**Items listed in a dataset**
★ ★ ★ ★

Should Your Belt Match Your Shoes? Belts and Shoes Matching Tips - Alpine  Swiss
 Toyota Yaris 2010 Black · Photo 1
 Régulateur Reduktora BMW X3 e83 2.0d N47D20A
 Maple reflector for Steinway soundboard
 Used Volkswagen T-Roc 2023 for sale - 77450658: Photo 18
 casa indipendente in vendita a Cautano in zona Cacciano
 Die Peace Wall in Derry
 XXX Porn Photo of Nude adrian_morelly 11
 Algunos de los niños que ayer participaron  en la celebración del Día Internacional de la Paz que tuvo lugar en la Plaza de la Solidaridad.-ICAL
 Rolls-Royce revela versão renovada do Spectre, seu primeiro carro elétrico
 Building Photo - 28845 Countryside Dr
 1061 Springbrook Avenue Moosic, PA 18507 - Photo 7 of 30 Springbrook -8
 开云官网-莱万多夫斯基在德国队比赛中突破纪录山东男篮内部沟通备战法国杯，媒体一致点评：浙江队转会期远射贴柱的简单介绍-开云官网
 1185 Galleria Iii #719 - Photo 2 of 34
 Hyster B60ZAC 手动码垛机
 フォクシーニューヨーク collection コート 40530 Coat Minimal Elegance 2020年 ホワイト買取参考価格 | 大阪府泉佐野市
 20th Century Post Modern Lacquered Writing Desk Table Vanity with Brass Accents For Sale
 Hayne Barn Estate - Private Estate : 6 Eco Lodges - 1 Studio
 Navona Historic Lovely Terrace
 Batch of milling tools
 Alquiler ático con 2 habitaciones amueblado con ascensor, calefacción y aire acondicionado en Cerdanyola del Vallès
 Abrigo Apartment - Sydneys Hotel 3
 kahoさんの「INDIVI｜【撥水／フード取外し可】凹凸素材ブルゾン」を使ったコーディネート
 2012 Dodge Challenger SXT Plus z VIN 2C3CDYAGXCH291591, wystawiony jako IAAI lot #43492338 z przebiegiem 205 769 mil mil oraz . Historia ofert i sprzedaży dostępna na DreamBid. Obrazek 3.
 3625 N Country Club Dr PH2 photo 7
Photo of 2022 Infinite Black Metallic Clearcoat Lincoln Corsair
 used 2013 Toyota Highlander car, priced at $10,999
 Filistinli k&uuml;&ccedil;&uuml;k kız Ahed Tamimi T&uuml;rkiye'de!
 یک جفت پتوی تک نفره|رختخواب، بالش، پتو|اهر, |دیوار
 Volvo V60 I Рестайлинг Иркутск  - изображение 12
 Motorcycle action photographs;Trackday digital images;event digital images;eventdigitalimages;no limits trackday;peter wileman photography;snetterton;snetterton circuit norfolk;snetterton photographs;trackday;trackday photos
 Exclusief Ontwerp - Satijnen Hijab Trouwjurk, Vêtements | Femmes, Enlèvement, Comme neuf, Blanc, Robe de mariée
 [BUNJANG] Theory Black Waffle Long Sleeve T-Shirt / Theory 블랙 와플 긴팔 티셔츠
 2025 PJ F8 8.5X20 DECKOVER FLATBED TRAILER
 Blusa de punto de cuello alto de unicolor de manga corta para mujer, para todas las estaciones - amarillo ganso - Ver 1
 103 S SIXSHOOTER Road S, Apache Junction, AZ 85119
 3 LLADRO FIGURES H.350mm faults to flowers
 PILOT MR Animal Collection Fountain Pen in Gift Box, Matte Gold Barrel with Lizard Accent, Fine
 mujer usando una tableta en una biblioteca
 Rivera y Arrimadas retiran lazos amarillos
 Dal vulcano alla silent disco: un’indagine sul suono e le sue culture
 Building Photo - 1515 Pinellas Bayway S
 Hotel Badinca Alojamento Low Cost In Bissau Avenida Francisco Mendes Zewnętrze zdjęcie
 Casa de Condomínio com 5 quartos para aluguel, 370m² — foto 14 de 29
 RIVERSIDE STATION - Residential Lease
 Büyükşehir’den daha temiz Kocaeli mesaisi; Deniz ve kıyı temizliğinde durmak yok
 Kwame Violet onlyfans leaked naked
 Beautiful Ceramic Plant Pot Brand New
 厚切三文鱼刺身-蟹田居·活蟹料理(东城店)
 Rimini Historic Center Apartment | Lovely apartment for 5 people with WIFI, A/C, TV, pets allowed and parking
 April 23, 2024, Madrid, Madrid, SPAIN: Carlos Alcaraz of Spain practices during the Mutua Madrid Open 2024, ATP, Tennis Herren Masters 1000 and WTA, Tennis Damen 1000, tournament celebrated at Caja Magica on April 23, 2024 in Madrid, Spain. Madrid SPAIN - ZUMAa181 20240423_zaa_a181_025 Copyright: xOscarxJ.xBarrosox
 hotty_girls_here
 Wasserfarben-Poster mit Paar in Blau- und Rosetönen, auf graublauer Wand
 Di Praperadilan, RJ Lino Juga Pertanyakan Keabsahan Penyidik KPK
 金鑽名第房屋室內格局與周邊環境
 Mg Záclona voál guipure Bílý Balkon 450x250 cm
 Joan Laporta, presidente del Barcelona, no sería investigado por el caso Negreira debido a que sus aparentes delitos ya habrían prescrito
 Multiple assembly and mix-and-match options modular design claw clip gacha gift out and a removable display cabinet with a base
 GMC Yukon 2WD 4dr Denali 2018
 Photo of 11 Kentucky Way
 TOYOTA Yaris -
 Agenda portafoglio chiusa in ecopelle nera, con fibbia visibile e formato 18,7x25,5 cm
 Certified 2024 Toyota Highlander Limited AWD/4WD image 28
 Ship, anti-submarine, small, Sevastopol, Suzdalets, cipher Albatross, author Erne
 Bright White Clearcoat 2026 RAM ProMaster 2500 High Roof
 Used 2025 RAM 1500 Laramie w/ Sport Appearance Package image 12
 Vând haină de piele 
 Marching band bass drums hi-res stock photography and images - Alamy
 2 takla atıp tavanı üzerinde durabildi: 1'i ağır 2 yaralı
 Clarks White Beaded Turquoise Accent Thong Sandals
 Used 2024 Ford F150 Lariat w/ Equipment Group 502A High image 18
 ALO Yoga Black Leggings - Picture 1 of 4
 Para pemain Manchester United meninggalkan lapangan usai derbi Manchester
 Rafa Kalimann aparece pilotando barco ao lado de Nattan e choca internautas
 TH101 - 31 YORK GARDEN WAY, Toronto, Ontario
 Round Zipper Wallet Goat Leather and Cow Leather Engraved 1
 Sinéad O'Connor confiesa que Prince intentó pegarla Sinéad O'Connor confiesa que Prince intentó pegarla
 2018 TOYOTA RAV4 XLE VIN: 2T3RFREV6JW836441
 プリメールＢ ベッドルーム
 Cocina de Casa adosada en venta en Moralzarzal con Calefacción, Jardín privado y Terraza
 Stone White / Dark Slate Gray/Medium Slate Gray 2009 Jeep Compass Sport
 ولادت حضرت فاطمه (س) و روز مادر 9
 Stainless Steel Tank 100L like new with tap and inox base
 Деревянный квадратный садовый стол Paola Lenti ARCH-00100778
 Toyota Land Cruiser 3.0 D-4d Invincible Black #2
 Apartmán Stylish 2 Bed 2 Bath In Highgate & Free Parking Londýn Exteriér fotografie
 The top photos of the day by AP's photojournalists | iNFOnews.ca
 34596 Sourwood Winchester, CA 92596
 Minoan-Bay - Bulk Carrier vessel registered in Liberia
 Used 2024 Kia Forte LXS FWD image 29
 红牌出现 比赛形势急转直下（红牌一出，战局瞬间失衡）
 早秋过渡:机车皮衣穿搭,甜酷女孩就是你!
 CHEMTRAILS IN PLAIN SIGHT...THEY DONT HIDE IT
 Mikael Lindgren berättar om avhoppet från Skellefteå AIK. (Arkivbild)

★ ★ ★ ★

**PROBLEM**
Please copy the lines above from the line with "Beautiful Ceramic Plant Pot Brand New" up to and including the line with "TH101 - 31 YORK GARDEN WAY, Toronto, Ontario", exactly as written and with nothing else.

**RESPONSE TO THIS TASK**
 Beautiful Ceramic Plant Pot Brand New
 厚切三文鱼刺身-蟹田居·活蟹料理(东城店)
 Rimini Historic Center Apartment | Lovely apartment for 5 people with WIFI, A/C, TV, pets allowed and parking
 April 23, 2024, Madrid, Madrid, SPAIN: Carlos Alcaraz of Spain practices during the Mutua Madrid Open 2024, ATP, Tennis Herren Masters 1000 and WTA, Tennis Damen 1000, tournament celebrated at Caja Magica on April 23, 2024 in Madrid, Spain. Madrid SPAIN - ZUMAa181 20240423_zaa_a181_025 Copyright: xOscarxJ.xBarrosox
 hotty_girls_here
 Wasserfarben-Poster mit Paar in Blau- und Rosetönen, auf graublauer Wand
 Di Praperadilan, RJ Lino Juga Pertanyakan Keabsahan Penyidik KPK
 金鑽名第房屋室內格局與周邊環境
 Mg Záclona voál guipure Bílý Balkon 450x250 cm
 Joan Laporta, presidente del Barcelona, no sería investigado por el caso Negreira debido a que sus aparentes delitos ya habrían prescrito
 Multiple assembly and mix-and-match options modular design claw clip gacha gift out and a removable display cabinet with a base
 GMC Yukon 2WD 4dr Denali 2018
 Photo of 11 Kentucky Way
 TOYOTA Yaris -
 Agenda portafoglio chiusa in ecopelle nera, con fibbia visibile e formato 18,7x25,5 cm
 Certified 2024 Toyota Highlander Limited AWD/4WD image 28
 Ship, anti-submarine, small, Sevastopol, Suzdalets, cipher Albatross, author Erne
 Bright White Clearcoat 2026 RAM ProMaster 2500 High Roof
 Used 2025 RAM 1500 Laramie w/ Sport Appearance Package image 12
 Vând haină de piele 
 Marching band bass drums hi-res stock photography and images - Alamy
 2 takla atıp tavanı üzerinde durabildi: 1'i ağır 2 yaralı
 Clarks White Beaded Turquoise Accent Thong Sandals
 Used 2024 Ford F150 Lariat w/ Equipment Group 502A High image 18
 ALO Yoga Black Leggings - Picture 1 of 4
 Para pemain Manchester United meninggalkan lapangan usai derbi Manchester
 Rafa Kalimann aparece pilotando barco ao lado de Nattan e choca internautas
 TH101 - 31 YORK GARDEN WAY, Toronto, Ontario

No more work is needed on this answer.